Though experts are divided on how far off true autonomous car technology is, they agree that current systems such Tesla Inc.’s Autopilot and Mercedes-Benz AG’s DrivePilot fall well short of true autonomy. That has not prevented the companies from aggressively pushing untested “public beta” capabilities onto public roads, while implying or even stating that these systems are already “self-driving.” At least one American has been killed in a crash while driving in autopilot mode. Yet the NHTSA seems not to appreciate the extent to which these systems can lull drivers into a false sense of security, and has exonerated Tesla in the fatal crash, despite troubling questions about its key findings.
The laxity with which federal safety regulators have approached autonomous cars more broadly has now created a regulatory vacuum. To date, the Federal Department of Transportation has come up with only policy “guidelines” for autonomous vehicles, while state and local regulators are wan to set clear rules, seemingly in a competition to create the friendliest possible environment in hopes of attracting investment. Already there is no shortage of evidence that some companies expect to be able to defy even these weak local rules — as Uber Technologies Inc. and its Otto division have in California and Nevada.
Developing comprehensive regulations that strike a balance between allowing companies to innovate and protecting public motorways will be a lengthy and difficult process that will extend well past the Trump presidency. DOT’s policy guidelines are not a bad roadmap for the journey. But because they have no teeth, we are headed toward a culture of impunity among the most aggressive firms vying for self-driving domination, which like California’s will struggle to check.
The long-term safety advantages of autonomous cars do not excuse putting Americans at risk in the short term.
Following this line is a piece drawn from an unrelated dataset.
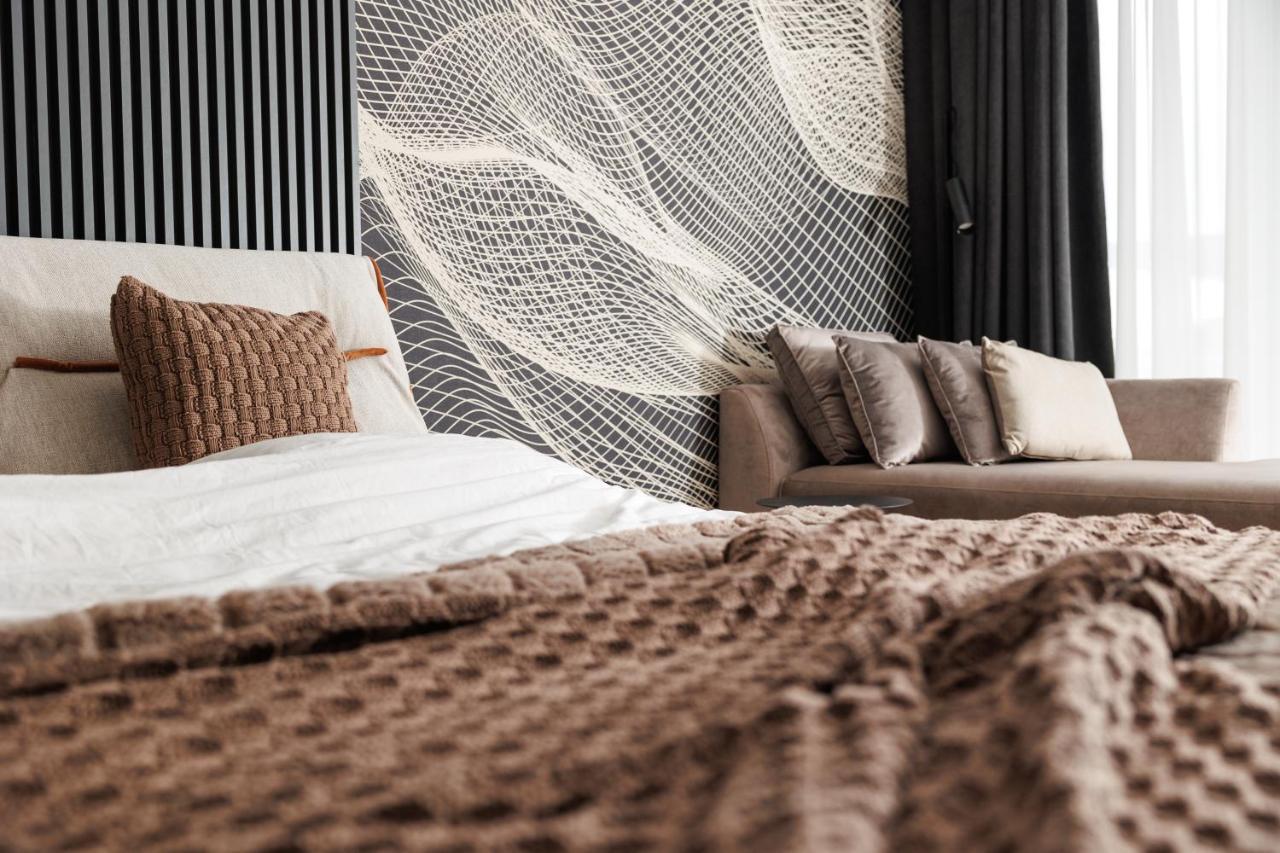 Mandala Designer Apartments With Free Private Parking, Near Mall Coresi Μπρασόβ Εξωτερικό φωτογραφία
A new ad-hoc federal policy centered on ramping up monitoring of autonomous car testing, investigation of each report of dangerous activity, and the threat of meaningful penalties for irresponsibility, would make it clear that the NHTSA will not tolerate companies who put the public at risk. And if well-designed, a smart federal monitoring regime could actually make it easier for companies to comply with the wide variety of inconsistent and overlapping local regulations.
Yes, we need to be wary of excessive rules that crush innovation. But it’s possible to come up with relatively simple measures that directly address the root causes of most road deaths, satisfying safety advocates and limited-government types alike. There will be willing corporate partners among the automakers who support the safety benefits of seatbelt interlocks and the technology companies who worry that an irresponsible autonomous-car gold rush could turn the public against their massive investments in technology.
The core of this new deal is the promise that huge amounts of ineffective and overlapping regulation — governing both traditional auto safety and new autonomous safety challenges — can be replaced by fewer, and more consistently enforced, regulations aimed directly at the heart of the problems. By forging an agenda that satisfies so many seemingly irreconcilable interests, Trump has the opportunity to save lives, improve government and build a new consensus around the inevitable future of transportation.
This column does not necessarily reflect the opinion of the editorial board or Bloomberg LP and its owners. Niedermeyer, an auto-industry analyst, is the co-founder of Daily Kanban and the former editor of the blog The Truth About Cars.